Excerpted data:
************

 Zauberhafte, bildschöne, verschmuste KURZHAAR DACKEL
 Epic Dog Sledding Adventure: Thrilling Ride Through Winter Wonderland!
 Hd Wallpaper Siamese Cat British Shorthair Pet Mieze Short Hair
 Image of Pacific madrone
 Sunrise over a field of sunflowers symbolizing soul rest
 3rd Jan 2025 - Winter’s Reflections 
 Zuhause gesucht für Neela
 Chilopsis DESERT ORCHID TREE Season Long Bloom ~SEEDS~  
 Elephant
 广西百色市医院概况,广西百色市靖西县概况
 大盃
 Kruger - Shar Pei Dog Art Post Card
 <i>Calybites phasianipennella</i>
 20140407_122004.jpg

************

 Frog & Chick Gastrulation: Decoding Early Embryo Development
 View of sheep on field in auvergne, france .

************

Report each line in the data that holds the word "Winter".

Written answer:
 Epic Dog Sledding Adventure: Thrilling Ride Through Winter Wonderland!
 3rd Jan 2025 - Winter’s Reflections 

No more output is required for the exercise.